Während die Überwachung in der Vergangenheit hauptsächlich durch GPS-Technik in Fahrzeugen stattfand, spielt heute auch die Ortung des Smartphones eine wichtige Rolle. Das Dienst-Smartphone kann so schnell zum „Spion in der Hosentasche“ werden. Die GPS-Technik in den Smartphones erlaubt es, die Beschäftigten noch genauer zu orten, als dies mit dem Fahrzeug möglich ist. Der Arbeitgeber kann aufgrund des Standortes erkennen, ob sich die betroffene Person in einem Gebäude z.B. beim Kundengespräch oder in ihrem Büro befindet oder gerade außerhalb des Gebäudes eine Pause macht. Auch eine Verknüpfung der GPS-Daten des Smartphones mit den Verbindungsdaten ist denkbar, um z.B. eine unerlaubte Privatnutzung des Smartphones ermitteln zu können. Schnell werden Beschäftigte so auch im privaten Bereich zum Überwachungsobjekt des Arbeitgebers.
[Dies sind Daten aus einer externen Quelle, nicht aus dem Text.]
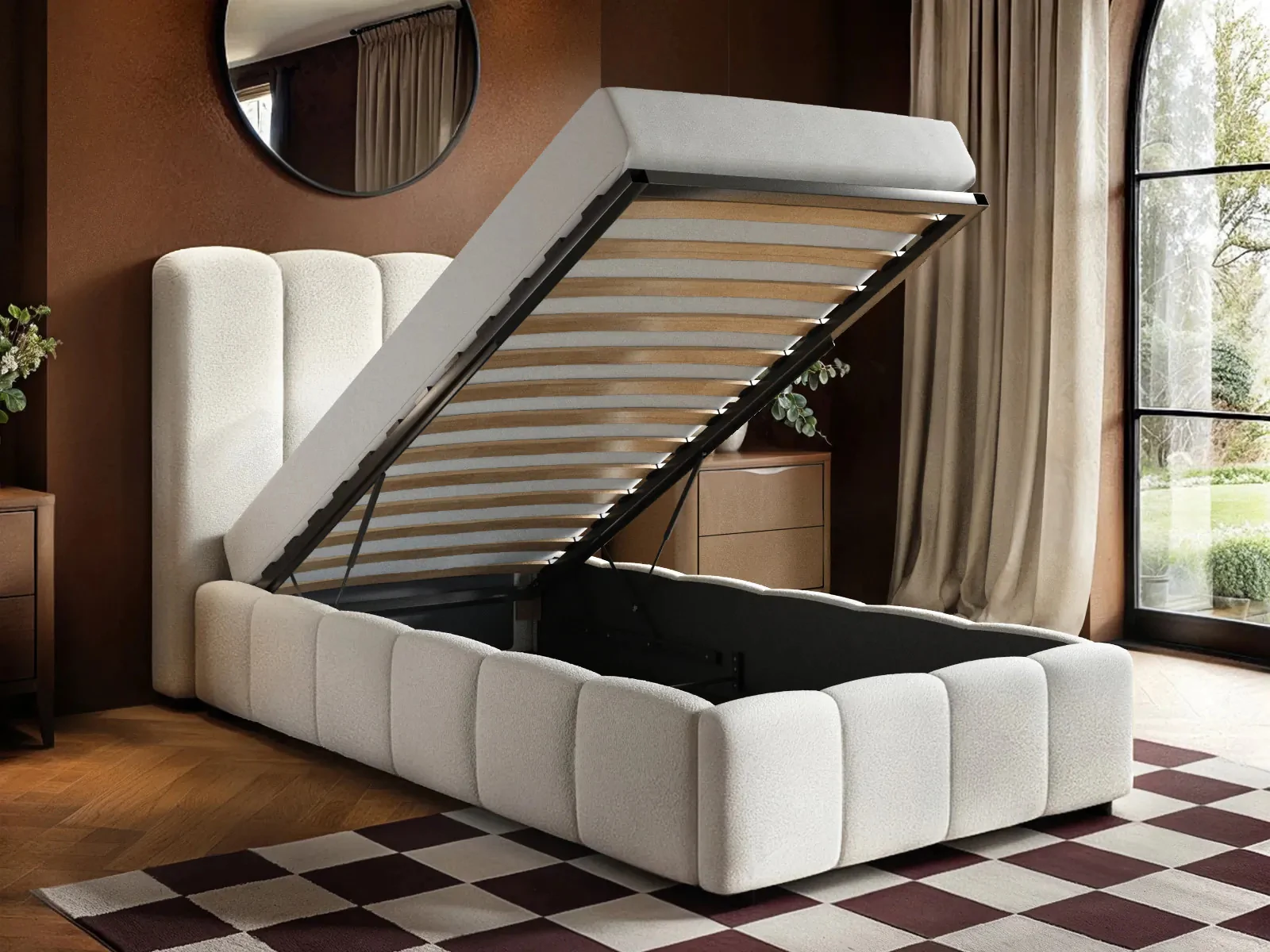 How to Choose a Guest Bed &ndash; image 5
Die Beschäftigtenkontrolle durch Ortungssysteme ist datenschutzrechtlich nur in sehr engen Grenzen zulässig: Der Einsatz eines Ortungssystems durch Unternehmen kann nicht auf die Einwilligung der Beschäftigten gestützt werden, da es bei einer flächendeckenden Überwachung an der erforderlichen Freiwilligkeit mangelt. Ortungssysteme, mit denen Beschäftigte dauerhaft kontrolliert werden können, sind grundsätzlich unzulässig. Beschäftigte dürfen nicht einem permanenten Kontrolldruck ausgesetzt werden, da sie nicht „Betriebskapital“ sind, sondern Bürgerinnen und Bürger mit Rechten.
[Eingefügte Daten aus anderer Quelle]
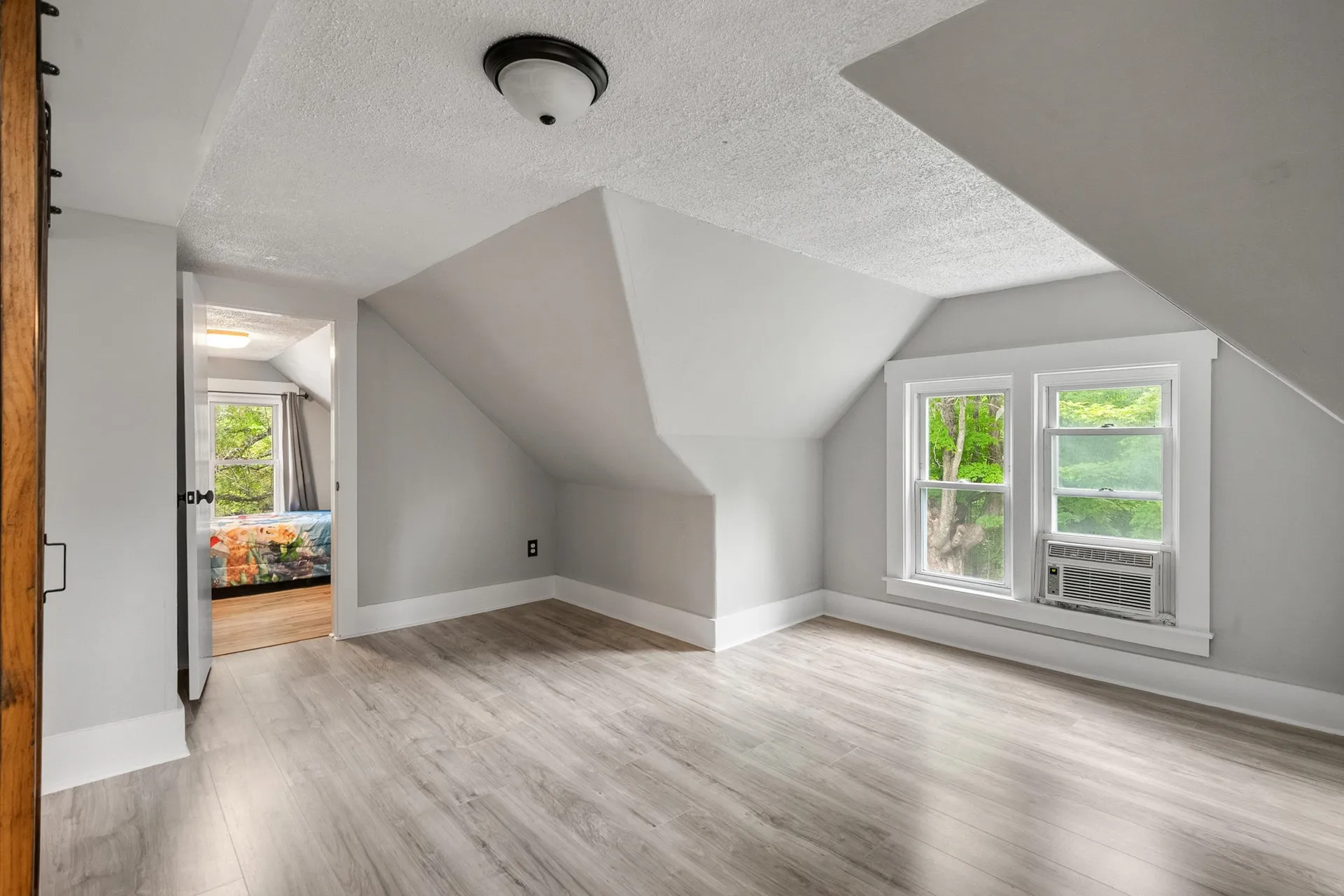 13 Patch Road Barre Town VT 05641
Die Erhebung personenbezogener Daten ist im Beschäftigungsverhältnis in der Regel nur zu dessen Begründung, Durchführung und Beendigung zulässig. Der Einsatz von Ortungstechnik, die gezielt der Überwachung des Verhaltens von Beschäftigten dient, kommt nur dann in Betracht, wenn begründete und klar dokumentierte Anhaltspunkte dafür vorliegen, dass der Beschäftigte eine Straftat oder eine schwerwiegende arbeitsvertragliche Pflichtverletzung begangen hat, die mittels der Ortungstechnik nachgewiesen werden kann. Jedoch ist auch in diesem Fall eine Kontrolle nur unter Beachtung des Verhältnismäßigkeitsgrundsatzes zulässig.
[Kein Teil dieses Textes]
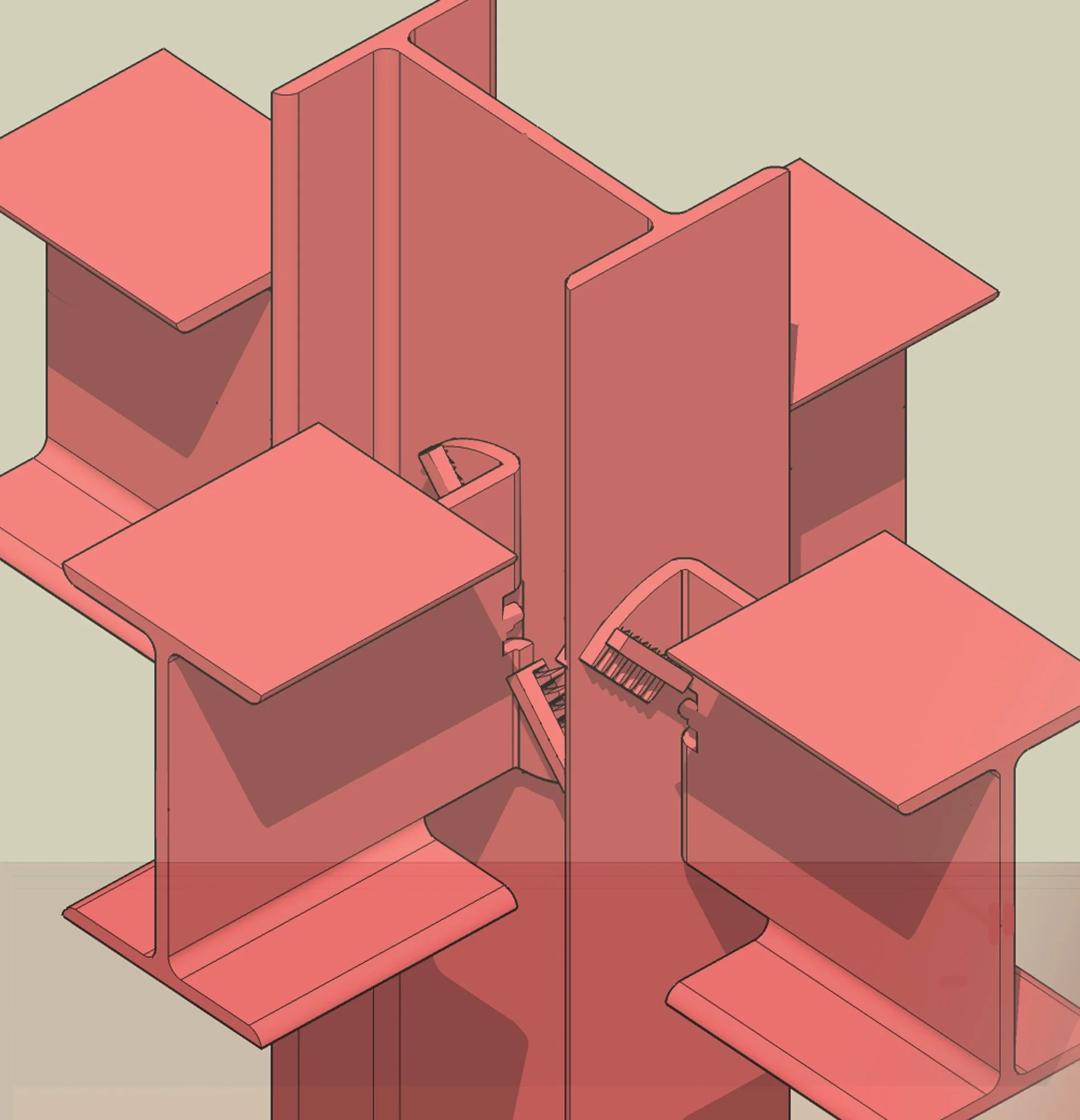 Website Cover Image.jpg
Allein Vereinfachungsgründe rechtfertigen nicht den Einsatz von Ortungstechnik. Können Standortdaten etwa mittels Funk oder Telefon problemlos bei Beschäftigten selbst abgefragt werden (Grundsatz der Direkterhebung beim Betroffenen), ist diese Art der Erhebung vorzugswürdig, Auch zu Zwecken der Zeiterfassung oder Stundenabrechnung darf Ortungstechnik nicht der Direkterhebung von Arbeitszeiten durch die Beschäftigten selbst (z.B. Stechuhr oder Stundenzettel) vorgezogen werden.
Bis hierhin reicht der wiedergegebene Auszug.